Presumably SQL Server fits somewhere up at the top with MySQL/Postgres/Oracle?
As far as we know, Datomic's (noninteractive) transactions are ACID. You would do better to ask them, though. The list isn't intended to be exhaustive!
The absence of Datomic seems a tad suspect.
From what I understand, Datomic sidesteps the ACID issue altogether by dealing with immutable data at the application layer. You add your changes on top of a version of the database, so you're always working on a consistent view of the database (pretty much like Git).

On the backend, Datomic doesn't implement it's own storage, it plugs into SQL databases, Riak, etc. so you may or may not have ACID at that level.

VoltDB uses a partitioned data model. For OLTP apps that fit within that model, it's incredibly fast and there's no global transaction. For transactions that span partitions, yes, there is a lock. If your app fits the model (and a lot of transaction processing does), then it's quite amazing. For instance, one model I've played with is updating customer balances in realtime. If I partition everything on CustomerId, then I can insert new charges and update balances at extremely high rates (over 50Ktps per node, at least).

If your app requires (edit: a significant amount of) transactions that have no locality, that is multiple arbitrary rows might be updated in any transaction, VoltDB might not be for you.

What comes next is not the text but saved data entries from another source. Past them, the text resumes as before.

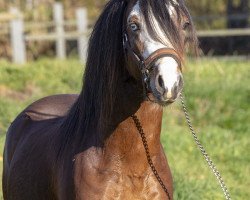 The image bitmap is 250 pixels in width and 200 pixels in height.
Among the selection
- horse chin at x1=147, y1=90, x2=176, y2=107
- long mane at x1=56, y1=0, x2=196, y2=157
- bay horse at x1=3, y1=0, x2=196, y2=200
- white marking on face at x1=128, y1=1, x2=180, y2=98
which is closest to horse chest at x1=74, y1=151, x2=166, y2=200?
bay horse at x1=3, y1=0, x2=196, y2=200

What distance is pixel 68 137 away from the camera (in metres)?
4.44

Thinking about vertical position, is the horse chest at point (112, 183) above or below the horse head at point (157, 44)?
below

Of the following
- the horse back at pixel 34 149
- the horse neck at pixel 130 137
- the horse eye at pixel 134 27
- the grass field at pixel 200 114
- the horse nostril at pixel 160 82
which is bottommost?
the grass field at pixel 200 114

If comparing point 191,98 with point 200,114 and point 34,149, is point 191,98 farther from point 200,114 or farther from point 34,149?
point 34,149

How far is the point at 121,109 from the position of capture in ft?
13.8

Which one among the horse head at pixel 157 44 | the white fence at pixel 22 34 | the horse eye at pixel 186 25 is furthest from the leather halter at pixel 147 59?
the white fence at pixel 22 34

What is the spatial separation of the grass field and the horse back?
3.77ft

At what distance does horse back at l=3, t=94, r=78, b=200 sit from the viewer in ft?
15.5

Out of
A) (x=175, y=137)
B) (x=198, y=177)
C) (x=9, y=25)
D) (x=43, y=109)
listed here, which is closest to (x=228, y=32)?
(x=9, y=25)

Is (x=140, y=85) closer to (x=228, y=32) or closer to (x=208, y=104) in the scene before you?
(x=208, y=104)

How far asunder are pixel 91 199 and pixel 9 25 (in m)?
17.2

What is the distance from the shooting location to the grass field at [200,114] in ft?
26.5

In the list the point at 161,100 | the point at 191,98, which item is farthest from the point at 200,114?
the point at 161,100

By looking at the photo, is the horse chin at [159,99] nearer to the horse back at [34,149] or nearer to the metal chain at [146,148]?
the metal chain at [146,148] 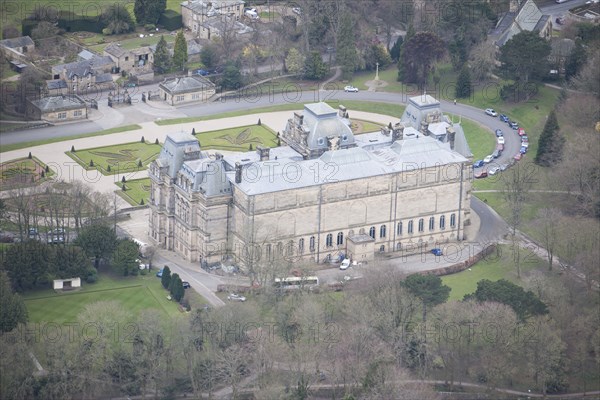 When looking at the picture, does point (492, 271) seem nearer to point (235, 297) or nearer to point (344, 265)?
point (344, 265)

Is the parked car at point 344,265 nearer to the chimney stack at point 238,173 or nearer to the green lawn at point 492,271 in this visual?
the green lawn at point 492,271

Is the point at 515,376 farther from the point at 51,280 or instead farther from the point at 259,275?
the point at 51,280

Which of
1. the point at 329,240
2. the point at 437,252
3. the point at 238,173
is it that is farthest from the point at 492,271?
the point at 238,173

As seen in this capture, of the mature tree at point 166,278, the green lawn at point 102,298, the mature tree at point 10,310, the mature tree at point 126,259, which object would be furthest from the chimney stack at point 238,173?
the mature tree at point 10,310

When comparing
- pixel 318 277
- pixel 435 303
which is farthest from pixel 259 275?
pixel 435 303

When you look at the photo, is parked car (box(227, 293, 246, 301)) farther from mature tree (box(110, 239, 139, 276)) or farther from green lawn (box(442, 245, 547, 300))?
green lawn (box(442, 245, 547, 300)) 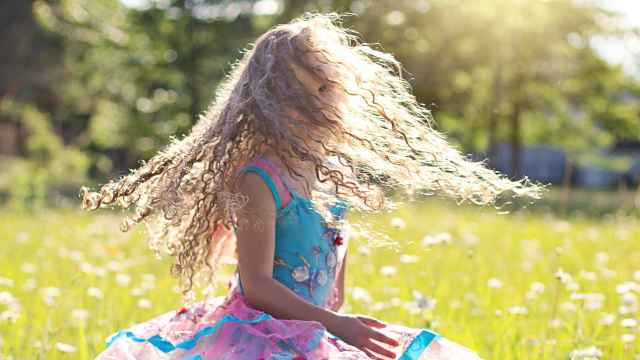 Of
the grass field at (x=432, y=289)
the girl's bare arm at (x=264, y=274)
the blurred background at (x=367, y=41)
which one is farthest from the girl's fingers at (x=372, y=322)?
the blurred background at (x=367, y=41)

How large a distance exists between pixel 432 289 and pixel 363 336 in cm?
199

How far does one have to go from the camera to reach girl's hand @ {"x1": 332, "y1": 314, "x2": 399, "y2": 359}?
246 cm

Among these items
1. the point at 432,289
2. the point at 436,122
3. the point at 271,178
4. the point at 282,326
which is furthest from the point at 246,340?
the point at 436,122

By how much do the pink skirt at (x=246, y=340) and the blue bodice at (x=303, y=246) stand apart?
18cm

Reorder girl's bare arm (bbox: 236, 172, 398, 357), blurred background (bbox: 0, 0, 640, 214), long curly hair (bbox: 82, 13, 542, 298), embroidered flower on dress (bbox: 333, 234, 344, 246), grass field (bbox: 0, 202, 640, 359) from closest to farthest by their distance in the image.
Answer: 1. girl's bare arm (bbox: 236, 172, 398, 357)
2. long curly hair (bbox: 82, 13, 542, 298)
3. embroidered flower on dress (bbox: 333, 234, 344, 246)
4. grass field (bbox: 0, 202, 640, 359)
5. blurred background (bbox: 0, 0, 640, 214)

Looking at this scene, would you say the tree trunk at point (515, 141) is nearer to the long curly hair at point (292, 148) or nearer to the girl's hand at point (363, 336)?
the long curly hair at point (292, 148)

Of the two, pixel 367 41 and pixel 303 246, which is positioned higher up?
pixel 367 41

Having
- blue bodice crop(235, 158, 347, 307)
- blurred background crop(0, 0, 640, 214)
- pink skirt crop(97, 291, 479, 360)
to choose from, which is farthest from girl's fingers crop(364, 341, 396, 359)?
blurred background crop(0, 0, 640, 214)

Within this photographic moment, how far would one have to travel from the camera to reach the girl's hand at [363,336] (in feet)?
8.06

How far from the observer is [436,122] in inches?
340

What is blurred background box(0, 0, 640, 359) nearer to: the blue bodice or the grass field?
the grass field

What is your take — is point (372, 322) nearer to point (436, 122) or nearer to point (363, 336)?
point (363, 336)

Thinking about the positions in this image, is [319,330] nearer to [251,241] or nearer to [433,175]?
[251,241]

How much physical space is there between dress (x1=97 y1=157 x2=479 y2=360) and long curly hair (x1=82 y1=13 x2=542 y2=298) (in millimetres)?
90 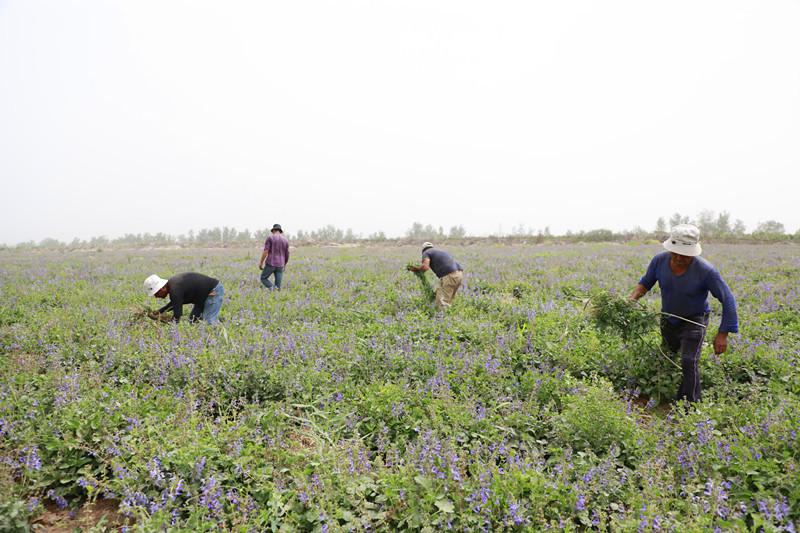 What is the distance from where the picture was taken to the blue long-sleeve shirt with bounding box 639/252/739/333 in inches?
164

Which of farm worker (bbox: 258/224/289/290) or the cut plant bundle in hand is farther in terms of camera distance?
farm worker (bbox: 258/224/289/290)

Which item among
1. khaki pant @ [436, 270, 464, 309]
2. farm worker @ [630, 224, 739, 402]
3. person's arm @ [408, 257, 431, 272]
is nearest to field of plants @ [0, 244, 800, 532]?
farm worker @ [630, 224, 739, 402]

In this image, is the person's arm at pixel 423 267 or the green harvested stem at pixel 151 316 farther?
the person's arm at pixel 423 267

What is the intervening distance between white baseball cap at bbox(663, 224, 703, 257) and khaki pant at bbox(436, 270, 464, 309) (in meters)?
4.40

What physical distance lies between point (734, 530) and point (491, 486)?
4.59 ft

If I understand Spanner, it, too, has a somewhat-partitioned model, with parent/child relationships, correct?

Spanner can do partition-spanning transactions with a useful throughput.
Two things to point out as a VoltDB engineer.

1) VoltDB's global transactions are much slower than its partitioned transactions, but it's relative. It can still do hundreds or thousands per second.

2) Making this number faster for common cases is ongoing work. In upcoming 4.0, multi-partition consistent reads will get about a 10x performance boost if they're bottlenecked on transaction overhead. This allows us to do up to 50k/sec global reads while doing 500k/sec partitioned writes. Expect improvements for global writes in 2014.

> RavenDB uses a weak form of isolation called "snapshot isolation". ... Index updates are not Atomic.

If MVCC (http://en.wikipedia.org/wiki/Multiversion_concurrency_contro...) is "weak", then are they claiming read/write locks are better?

Also, to nitpick, RavenDB's reads/writes in the document storage engine are entirely atomic. A lucene index is maintained in a secondary store which is eventually consistent. But as a document store supports ACID transactions.

As we disclaim on the page itself, we aren't experts on all of these databases, so it's possible that we've made a mistake. We are relying on the documentation of other products (but on the specific documented claims rather than whether they throw around the term "ACID").

'Snapshot isolation' is a level of isolation guarantee, not an implementation technique. It means that a transaction will read values consistently at one point in history and then write values at a later point, even though the read values may change in between. To give a classic example, pure snapshot isolation doesn't allow you to soundly transfer $100 from Alice's account to Bob's account. FoundationDB uses MVCC and optimistic concurrency, but provides serializable isolation.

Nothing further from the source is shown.